No entanto, a versão final do acordo – já rebaixada, porque ignorava plantações como o açaí e a floresta protegida (3/4 do território) – era muito diferente desta. O valor do pé de cacau, de 96,93 reais, caiu para 12,31 reais – e a indenização pela plantação caiu para R$ 240 mil. A justificativa para a redução do preço era de que as sementes usadas no plantio do cacau não eram as fornecidas pela Comissão Executiva do Plano da Lavoura Cacaueira (Ceplac), órgão do Ministério de Agricultura, Pecuária e Abastecimento. Dona Graça, então, juntou os documentos que provavam, sim, que as sementes eram da “ceprac” – pronúncia regional.

Propriedade

Então, surgiu um novo problema. A Nesa informou que não pagaria a indenização referente à terra, pois existia um documento duplicado de propriedade daquele terreno, e o proprietário do documento duplicado havia deixado uma dívida no Banco da Amazônia (Basa). “Isso é comum em Altamira e aqui na região”, explica a coordenadora do Movimento Xingu Vivo, Antonia Melo. “Já teve até cartório que fechou na cidade, por conta de emitir documentos falsos de propriedade”.

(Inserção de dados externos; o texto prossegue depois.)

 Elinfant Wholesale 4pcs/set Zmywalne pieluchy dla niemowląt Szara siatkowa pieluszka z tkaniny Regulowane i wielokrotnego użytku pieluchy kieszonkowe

Mas, mesmo em posse de todos os documentos que provavam a compra e a propriedade da terra, não houve mudança no acordo proposto. Seu Sebastião e a família decidiram, então, que não aceitariam uma indenização. “Minha vida é trabalhar. Eu sempre fui assim”, diz. “O mundo parece que tá meio atravessado. Não tô contente com essa coisa aqui não. Você trabalha pra ter as coisas, aí o cara vem aqui jogar a gente pra fora, como se isso aqui fosse terra grilada. Eu comprei, eu paguei, tenho escritura. Pra que o cartório fez a escritura? Pra que o Incra fez documento?”, desabafa.

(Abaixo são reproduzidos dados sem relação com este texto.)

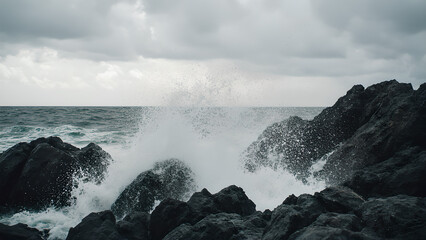 Storm&rsquo;s Embrace: Waves Crashing Against Rugged Coastal Rocks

No último dia 6 de setembro, por ordens da Nesa e da Justiça, a polícia foi à propriedade de dona Graça e seu Sebastião, destruiu a casa sem a presença dos proprietários e levou seus pertences a Altamira. No momento, seu Sebastião estava na roça de cacau, e acha que isto o salvou de ser levado também.

Para Dona Graça, a família está sendo perseguida pela Norte Energia. “Eu já fiz até um B.O. contra o advogado da empresa ”.  Ela se refere ao advogado  e  gerente de assuntos fundiários da companhia, dr. Arlindo Gomes de Miranda – figura non-grata por onde passa. “Eu sempre discuti com ele, porque eu nunca quis barragem, a gente nunca pediu isso aqui. E ainda tratam a gente como lixo, como obstáculo”, expõe. “Sabe como ele me respondia? Dizia que ia passar aqui em cima com trator de esteira, se a gente aceitasse ou não”.

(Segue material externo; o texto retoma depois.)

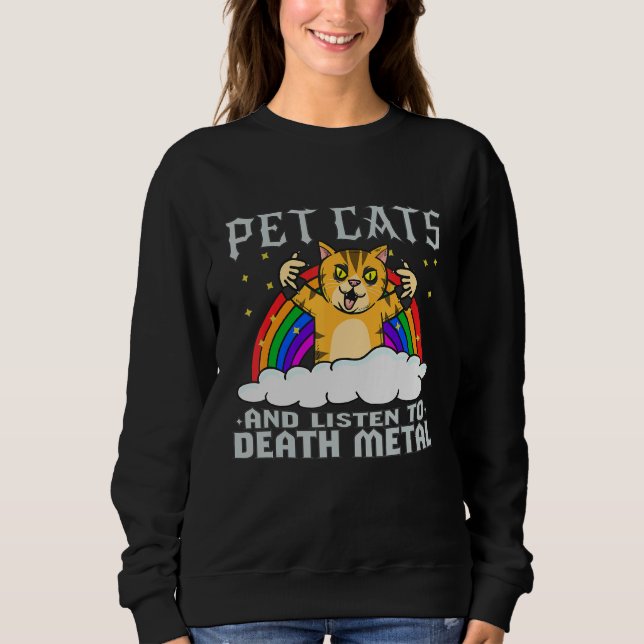 Sweatshirt Cat   Instrumentalist Rock Music Musician Headbang (Devant)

“A gente sabe que tem muita coisa errada”, conta Jefferson. “Tem muito beradeiro que aceitou qualquer valor por causa dessa pressão, porque ficou com medo de não receber nada. Eles não pagaram o açaí de ninguém”, explica.
Apesar da brutalidade sofrida, seu Sebastião e a família não deixaram de trabalhar no lote. Continuam produzindo. “Eu não vou sair daqui. Tô trabalhando igual, apesar da preocupação. Tem muito cacau pra colher e tenho que me preparar pro ano que vem. Não sei ficar parado. Se eu ficar parado, vou começar a pensar em besteira”.